Swiss turn eagerly to renminbi
Chinese bank awaits approval to establish operations in Zurich, a world finance center
After ditching its euro cap, Switzerland courted the yuan with renewed vigor as it signed key financial deals with China on Wednesday.
Zurich received 50 billion yuan ($8 billion) as its Renminbi Qualified Foreign Institutional Investors quota, which will allow investors in Switzerland’s financial capital to invest renminbi directly into Chinese financial markets.
The countries also signed a document that will see the first branch office of a Chinese bank in a country known for its banking prowess.

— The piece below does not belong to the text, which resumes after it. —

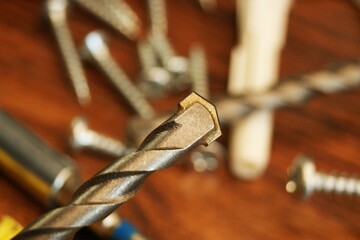 Drill with a special tip for holes in concrete and stone. Fragment of equipment for construction...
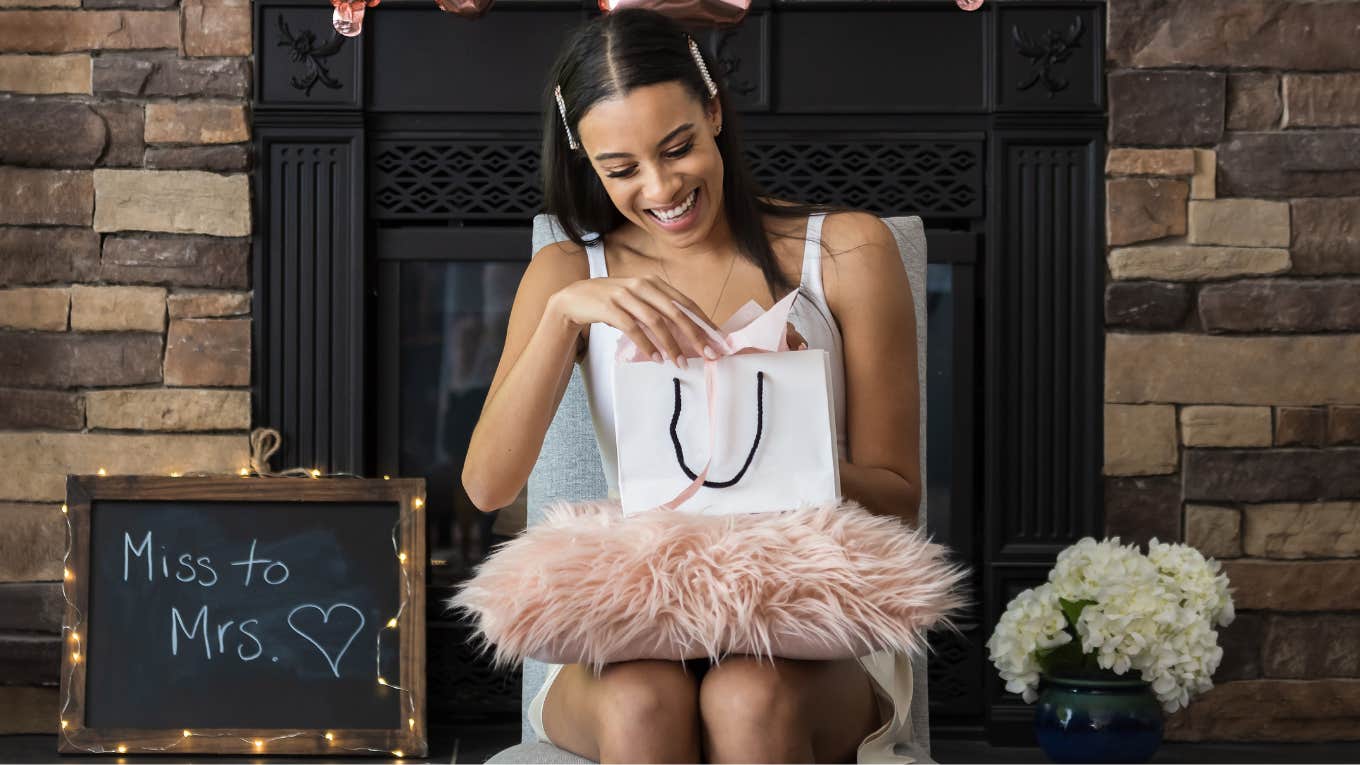 Bridesmaid Receives Invoice From Bride's Mom For Bridal Shower Bride opening gifts at shower that bridesmaid got a surprise invoice for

The establishment of a Chinese bank, still waiting for approval from the Swiss authorities, is a prerequisite for a bilateral currency swap deal and a major step in building Zurich into an important offshore center for the renminbi.
Premier Li Keqiang and the president of the Swiss Confederation, Simonetta Sommaruga, witnessed the signing of the deals on Wednesday after the two met in Davos, where the annual meeting of the World Economic Forum is underway.
Experts said Switzerland’s decision to scrap the Swiss franc-euro cap indicates that the country is seeking alternative partners as the outlook for the euro remains bearish in light of looming quantitative easing and an expected drop in value.
Zurich’s status as an international financial center will also help to speed up the internationalization of the renminbi, the experts said.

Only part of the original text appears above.